++++ Data supplied

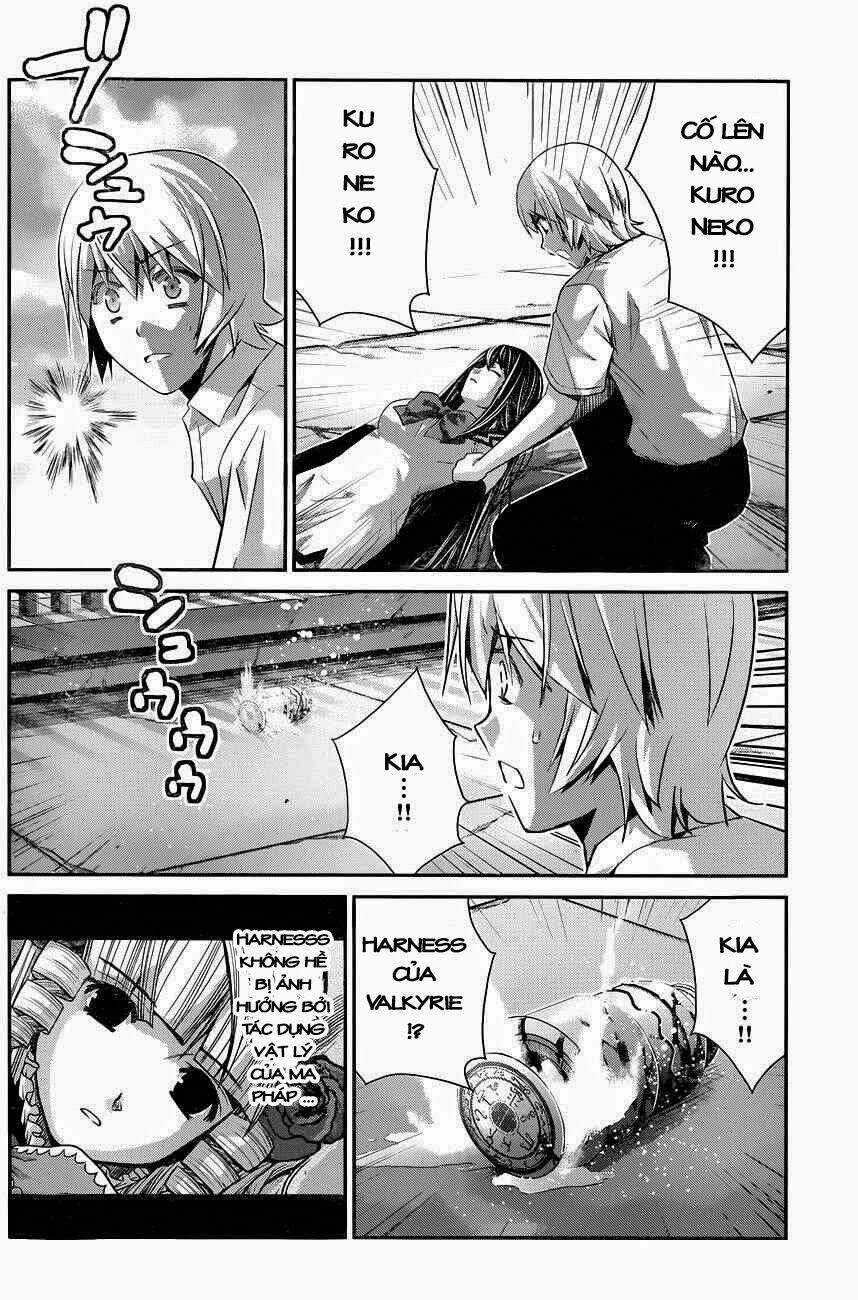 Cô ấy là Kuroneko - Chapter 100 - Trang 9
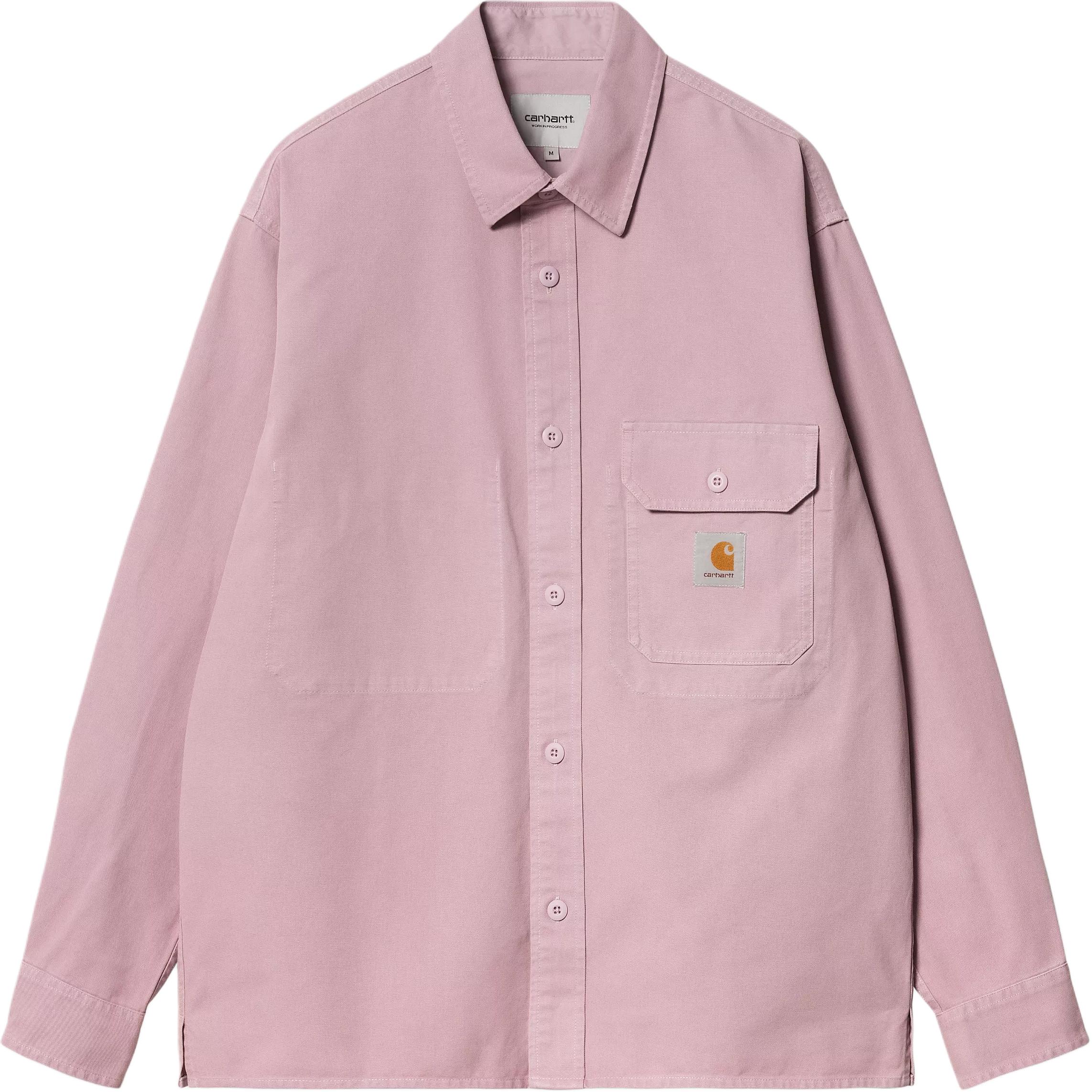 Мужская куртка Carhartt (розовая)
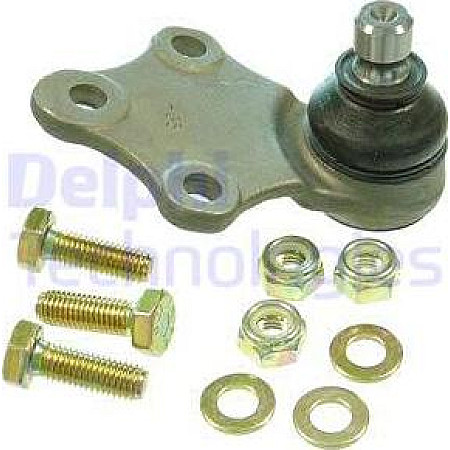 Articulatie sarcina-ghidare Pivot axa Dreapta-Stanga inferior fata diametru con 16mm PEUGEOT 306 1.1-2.0 04.93-04 PEUGEOT 306 (7D, N3, N5), Sabrioleta, 01.1994 - 04.2002 Delphi TC523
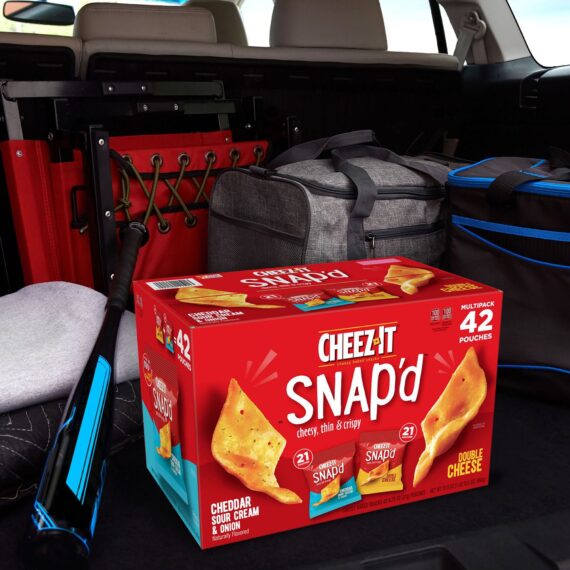 Cheez It Snap'd Multipack, 42 ct.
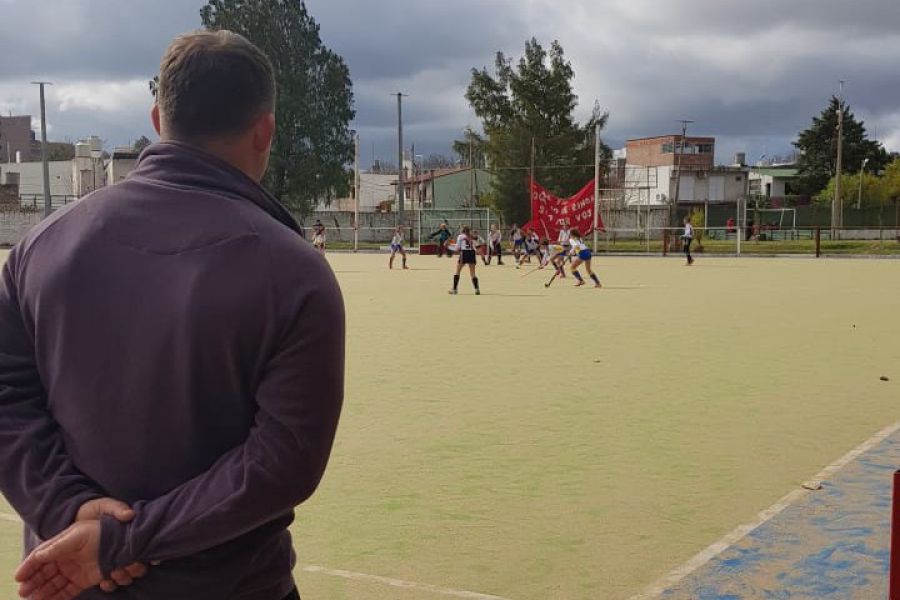 Hockey Paracao vs CAF - Sub 12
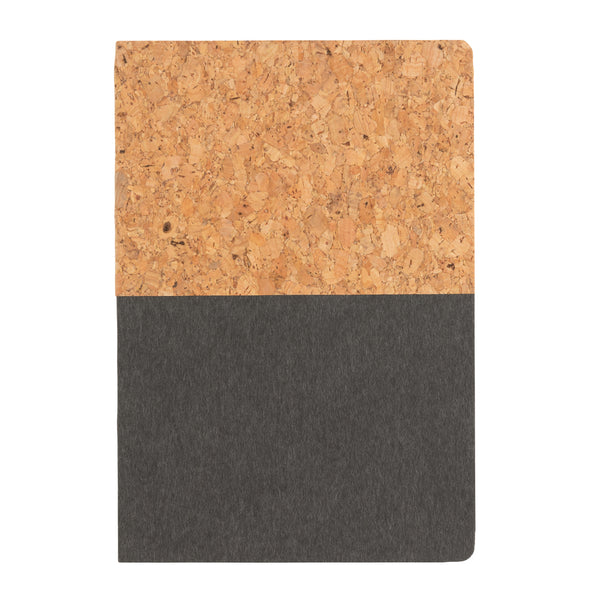 Carica l&#39;immagine nel visualizzatore di Gallery, taccuini e block notes personalizzati in sughero, carta colore nero_nero 121749150 DET09
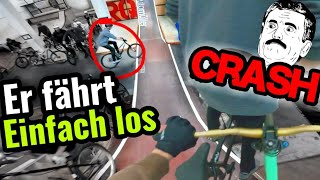 That's going to be tight... // Radquartier Part 1/2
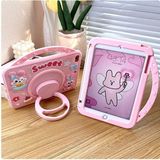 Alstrap Ipad 11. Nesil 11 Inç A16/IPAD 10. Nesil 10.9 Inç Çocuklara Özel Tablet Kılıfı Çocuk Tablet Kılıfı - Koyu Pembe - Ipad 11.Nesil 11inç 10.Nesil 10.9 inc
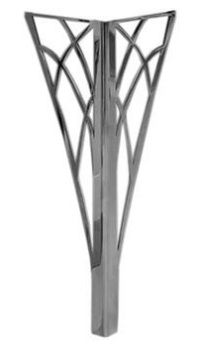 Ножки ARMADI ART Eifel 881-CR хром h35 (пара)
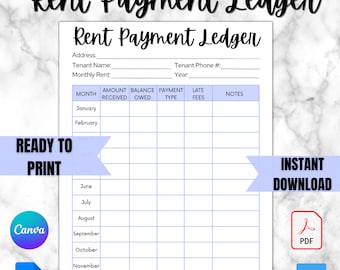 Rent Payment Ledger Tenant Payment - Il 340x270.5727497557 Gwqc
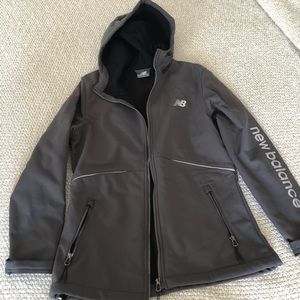 Gray New Balance jacket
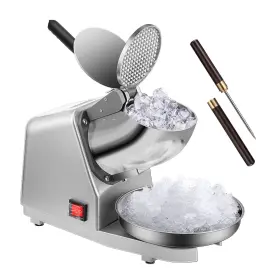 Vh278-sl Vivohome Electric Ice Crusher Shaver Dual Blades Snow Cone Maker Machine Silv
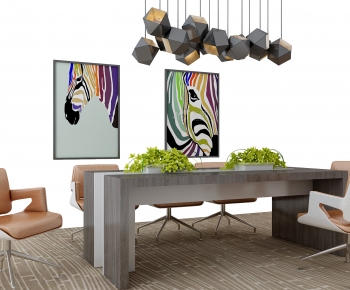 Modern Conference Table-ID:755831965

++++++++

All that is needed is the data above, repeated exactly, without the pictures.

 Cô ấy là Kuroneko - Chapter 100 - Trang 9
 Мужская куртка Carhartt (розовая)
 Articulatie sarcina-ghidare Pivot axa Dreapta-Stanga inferior fata diametru con 16mm PEUGEOT 306 1.1-2.0 04.93-04 PEUGEOT 306 (7D, N3, N5), Sabrioleta, 01.1994 - 04.2002 Delphi TC523
 Cheez It Snap'd Multipack, 42 ct.
 Hockey Paracao vs CAF - Sub 12
 Carica l&#39;immagine nel visualizzatore di Gallery, taccuini e block notes personalizzati in sughero, carta colore nero_nero 121749150 DET09
 That's going to be tight... // Radquartier Part 1/2
 Alstrap Ipad 11. Nesil 11 Inç A16/IPAD 10. Nesil 10.9 Inç Çocuklara Özel Tablet Kılıfı Çocuk Tablet Kılıfı - Koyu Pembe - Ipad 11.Nesil 11inç 10.Nesil 10.9 inc
 Ножки ARMADI ART Eifel 881-CR хром h35 (пара)
 Rent Payment Ledger Tenant Payment - Il 340x270.5727497557 Gwqc
 Gray New Balance jacket
 Vh278-sl Vivohome Electric Ice Crusher Shaver Dual Blades Snow Cone Maker Machine Silv
 Modern Conference Table-ID:755831965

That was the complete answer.